Jeśli chodzi o osiągnięcia gospodarcze, amerykański stan Kalifornia prześcignął już choćby takie kraje uprzemysłowione jak Japonia. Jak ogłosił w czwartek gubernator Gavin Newsom (57), Złoty Stan jest w tej chwili czwartą co do wielkości gospodarką świata.
Newsom powołuje się na dane Międzynarodowego Funduszu Walutowego ( MFW ) i amerykańskiego Biura Analiz Ekonomicznych. Następnie nominalny produkt krajowy brutto (PKB) państwa osiągnął 4,1 miliarda dolarów, przekraczając nominalny PKB Japonii wynoszący 4,02 miliarda dolarów. Tylko USA , Chiny i Niemcy mają większą siłę gospodarczą.

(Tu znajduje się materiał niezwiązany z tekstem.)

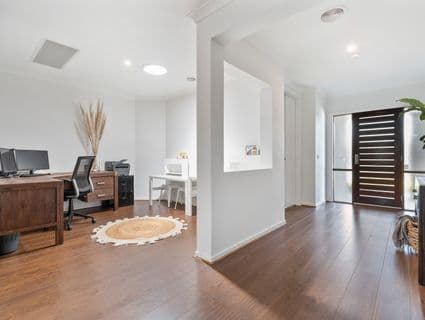 10 Canopy Grove, Cranbourne East - Thumbnail 2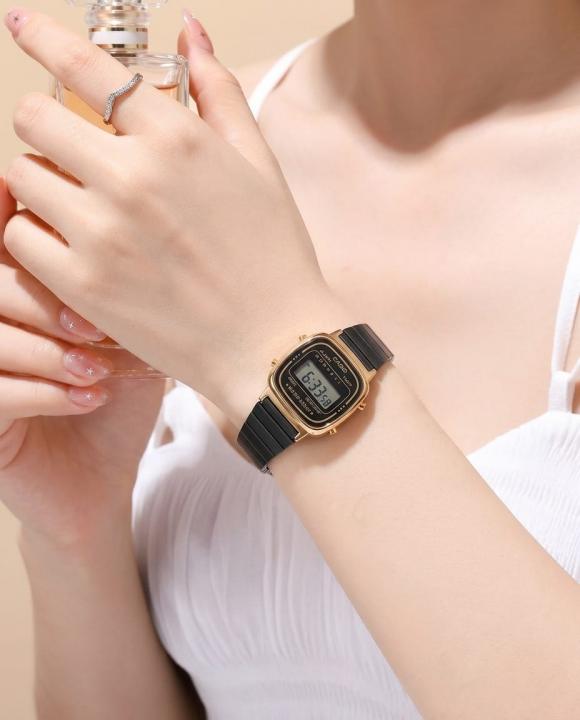 Ca.sio Womens Vintage LA670 Black-Gold-Black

Wiele kalifornijskich przedsiębiorstw stanowi nieodłączną część codziennego życia ludzi na całym świecie. Należą do nich tacy giganci w świecie oprogramowania, jak spółka macierzysta Google Alphabet, Meta , Adobe, Ebay , Electronic Arts (EA) i Oracle – nie wspominając o Apple, Intel i Disney. Główny bank Wells Fargo ma siedzibę w San Francisco, podobnie jak Airbnb. Ale Kalifornia to nie tylko wiodąca na świecie lokalizacja dla przemysłu technologiczno-rozrywkowego. Istotną rolę odgrywają również sektory przemysłowy i rolniczy.
Ostrzeżenie dla Trumpa
„Kalifornia nie tylko dotrzymuje kroku światu — my wyznaczamy tempo. Nasza gospodarka kwitnie, ponieważ inwestujemy w ludzi, stawiamy na zrównoważony rozwój i wierzymy w siłę innowacji” — powiedział Newsom w swoim oświadczeniu. Nowe rankingi opublikowano w tym tygodniu.
Newsom ostrzegł administrację prezydenta USA Donalda Trumpa, iż jej polityka zaszkodzi interesom gospodarczym Kalifornii, a ostatecznie całego kraju. „Świętując ten sukces, zdajemy sobie sprawę, iż nasz postęp jest zagrożony przez lekkomyślną politykę taryfową obecnej administracji federalnej. Gospodarka Kalifornii jest siłą napędową narodu i musi być chroniona”.